REVERE — A Brazilian mother in the country illegally says she was detained for seven days by federal immigration officials after a traffic stop in Reading last week, despite her pleas that she be allowed to breast-feed her 13-month-old son.
“I told them, many times, that I needed to be with my son to breast-feed, but they didn’t listen to me,” Katia Cynara Borges said Thursday after she was freed from the Suffolk County House of Corrections. She was released following numerous inquiries this week by Globe reporters to Immigration and Customs Enforcement officials.
In a brief statement Thursday, the agency said: “After further review, ICE determined that the detention of this individual was not consistent with agency policy on the detention of breast-feeding mothers. As a result, ICE released the individual today while she awaits the outcome of her case.”
Borges’s detention runs counter to guidelines that the agency revamped after a raid it carried out in 2007 at a New Bedford factory drew widespread criticism. Hundreds of illegal immigrants who worked there, many of whom were either nursing mothers or primary caregivers of children or elderly relatives, were detained after the raid.

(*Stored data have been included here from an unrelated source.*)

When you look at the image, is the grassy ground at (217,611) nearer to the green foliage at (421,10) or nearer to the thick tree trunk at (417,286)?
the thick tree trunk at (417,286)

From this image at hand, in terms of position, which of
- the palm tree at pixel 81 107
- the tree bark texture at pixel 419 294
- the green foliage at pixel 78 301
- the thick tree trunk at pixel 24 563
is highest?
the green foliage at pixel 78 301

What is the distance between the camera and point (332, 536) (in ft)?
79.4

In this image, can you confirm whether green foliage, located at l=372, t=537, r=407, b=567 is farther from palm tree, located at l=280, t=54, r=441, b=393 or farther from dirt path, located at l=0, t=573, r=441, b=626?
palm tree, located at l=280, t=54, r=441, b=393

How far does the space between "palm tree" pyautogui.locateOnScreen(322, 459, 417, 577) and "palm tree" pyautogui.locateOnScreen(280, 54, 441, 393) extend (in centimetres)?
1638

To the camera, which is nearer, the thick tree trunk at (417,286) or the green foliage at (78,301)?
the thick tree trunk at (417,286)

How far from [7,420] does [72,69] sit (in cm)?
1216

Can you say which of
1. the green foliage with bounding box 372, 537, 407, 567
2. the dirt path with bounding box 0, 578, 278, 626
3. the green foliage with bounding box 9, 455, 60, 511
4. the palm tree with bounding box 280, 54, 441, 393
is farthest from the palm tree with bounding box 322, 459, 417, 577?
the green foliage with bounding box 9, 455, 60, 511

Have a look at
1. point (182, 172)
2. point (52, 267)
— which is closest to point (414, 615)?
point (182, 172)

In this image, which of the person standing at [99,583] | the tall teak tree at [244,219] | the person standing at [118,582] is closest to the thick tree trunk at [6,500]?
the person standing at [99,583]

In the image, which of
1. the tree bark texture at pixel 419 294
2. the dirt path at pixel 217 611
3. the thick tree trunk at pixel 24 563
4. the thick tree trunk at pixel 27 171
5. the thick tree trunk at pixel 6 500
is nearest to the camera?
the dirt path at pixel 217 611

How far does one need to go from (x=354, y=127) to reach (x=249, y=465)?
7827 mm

The guidelines now stipulate that “extraordinary circumstances” should exist, such as the protection of national security or public safety, to warrant detention of such individuals.
Speaking in Portuguese, Borges said that aside from her status as an illegal immigrant with an overdue deportation order, she has never been arrested. She came to the United States in 2006 and was arrested the same year and ordered deported.
Borges, 31, lives with her husband and their son, Pedro, in a modest duplex in Revere. She cleans houses, and her 34-year-old husband, who requested that his name not be published because he fears deportation, works in construction. He took time off from his job to care for their son after Borges’s arrest April 21.
Thursday, his eyes filled with tears after Borges called him to say she was being released.
When Borges walked through the front door about 3:30 p.m., he kissed her, hugged her, and then placed Pedro in her outstretched arms. The boy laughed as she gave him a tight embrace.
“I missed you so much … Every day I was gone I cried because I missed you,” Borges said.
Borges said that during her stay in jail, she requested and was given Motrin to alleviate pain associated with the interruption of nursing. While Pedro’s diet also consisted of solid foods in past months, Borges said she has continued to nurse him because she believes in the benefits of mother’s milk.
Jessica Vaughan, director of policy studies for the Center for Immigration Studies in Washington and an opponent of illegal immigration, said that in these cases, authorities are put in the predicament of trying to ascertain whether detainees are telling the truth or just exploiting the new guidelines.
“But nevertheless, her not abiding by the deportation order makes her a fugitive, and that escalates her legal difficulties,” said Vaughan, whose office is in Franklin. “Because she was a fugitive, I suspect that ICE had to detain her because she was a high flight risk.”
Heloisa Maria Galvao, executive director of the Brazilian Women’s Group in Allston, said she has not heard of any cases similar to Borges’s since the raid on the New Bedford factory.
“It’s really frustrating to hear this one, because we have worked so hard since then to prevent it from happening,” she said.
Galvao said she called Borges’s husband and told him that her group would work to help them find legal assistance, and he welcomed the offer.
Borges and her husband, who are from Belo Horizonte in the state of Minas Gerais, plan to hire a lawyer in an attempt to become legal US residents. Borges is scheduled for a status hearing Oct. 21. She is required to wear an ankle monitor pending a decision on her case.